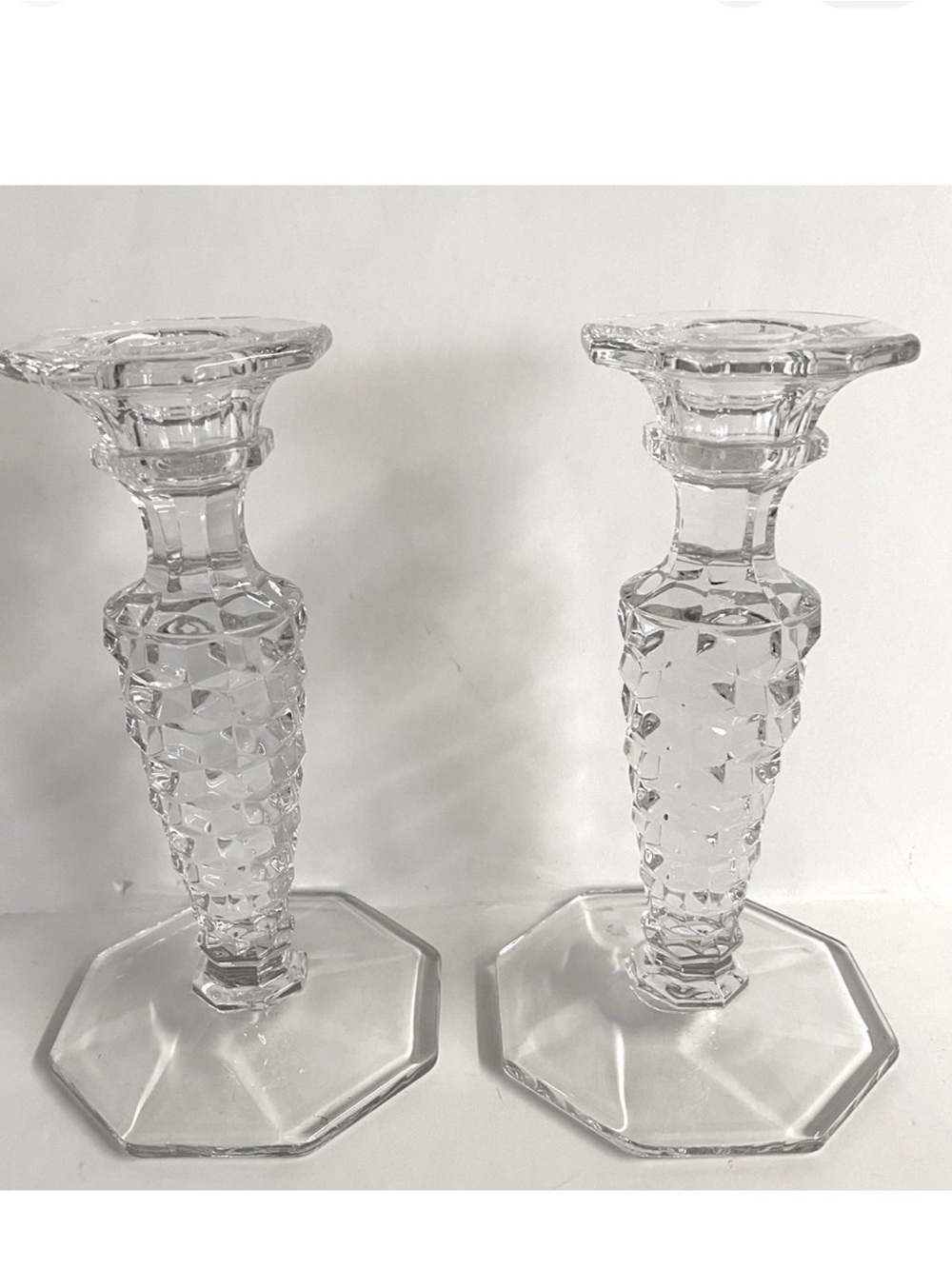 2 Vintage 80s Fostoria Vintage Elegant clear Crystal Glass candle sticks.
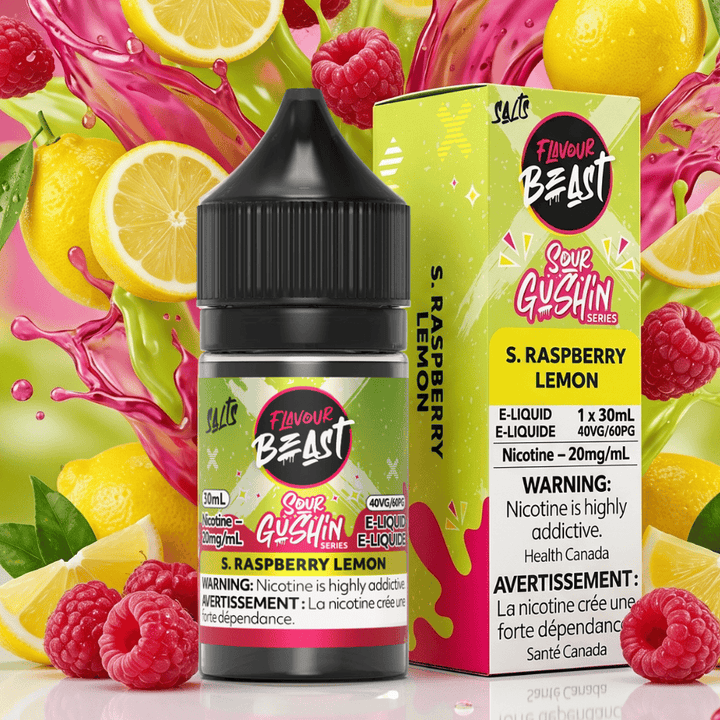 Flavour Beast Salts - Gushin' Sour Raspberry Lemon 30ml / 20mg Okotoks Vape SuperStore Okotoks Alberta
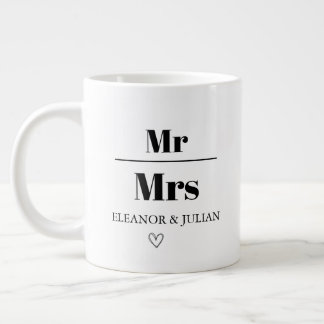 Tasse personnalisée Mr et Mrs avec noms de couple 
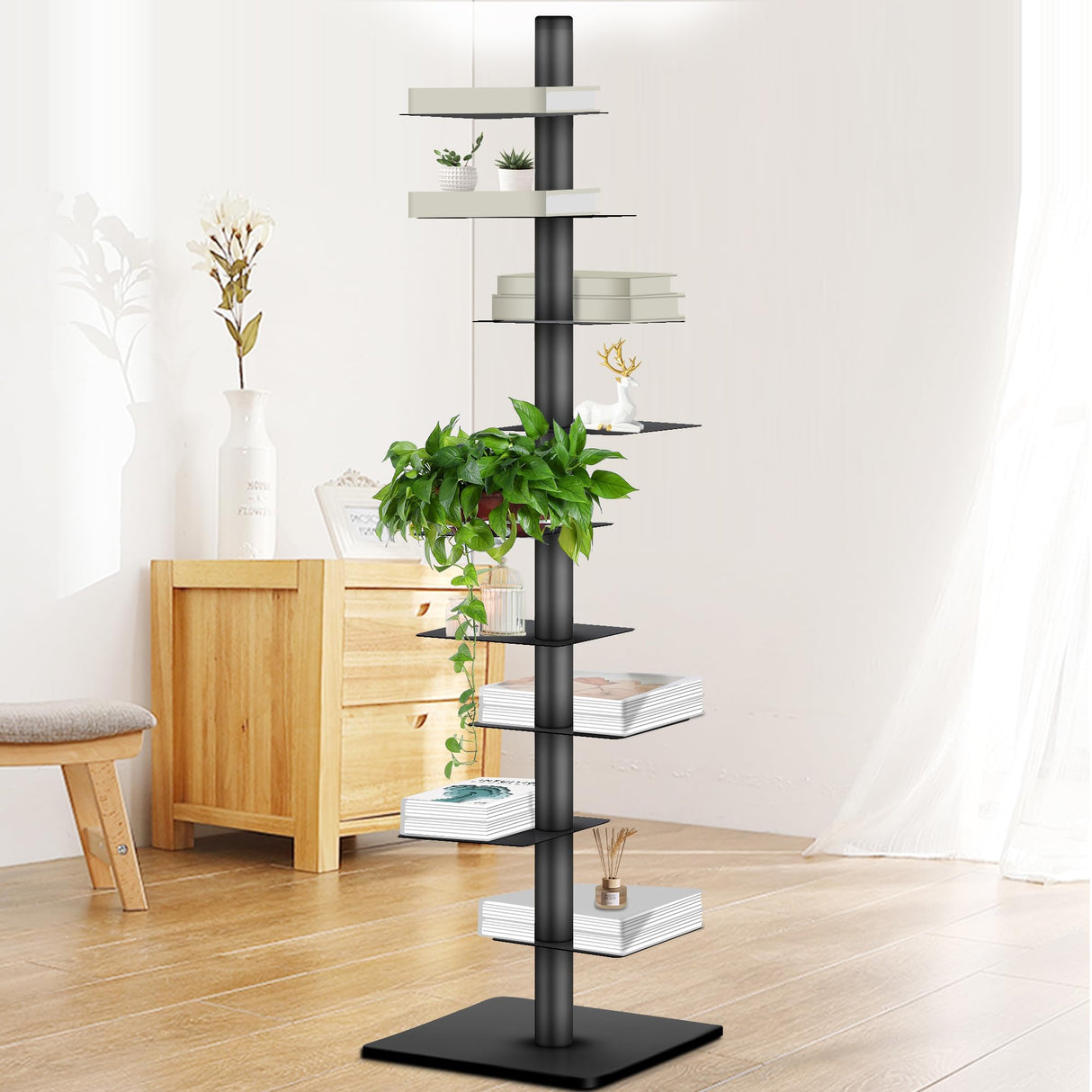 9 Tier Metal Vertical Bookshelf Tower, Freestanding Invisible Spine Bookshelf, Tall Ladder Bookcase Floating Shelf for Small Spaces, Modern Storage Corner Shelf for Living Room, Office, Bedroom Decor GENMOUS & CO.
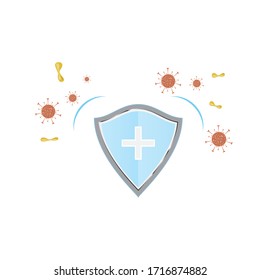 Symbol für die Vektorillustration der Immunität. Schutz gegen Viren und Bakterien. Prävention menschlicher Mikroben. Blauer Schild mit weißem Kreuz und Viren auf weißem Hintergrund. Vektorillustration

____

In the records above, find the line containing "Tasse personnalisée Mr" and output every line from the first through that one, exactly, omitting pictures.

 2 Vintage 80s Fostoria Vintage Elegant clear Crystal Glass candle sticks.
 Flavour Beast Salts - Gushin' Sour Raspberry Lemon 30ml / 20mg Okotoks Vape SuperStore Okotoks Alberta
 Tasse personnalisée Mr et Mrs avec noms de couple 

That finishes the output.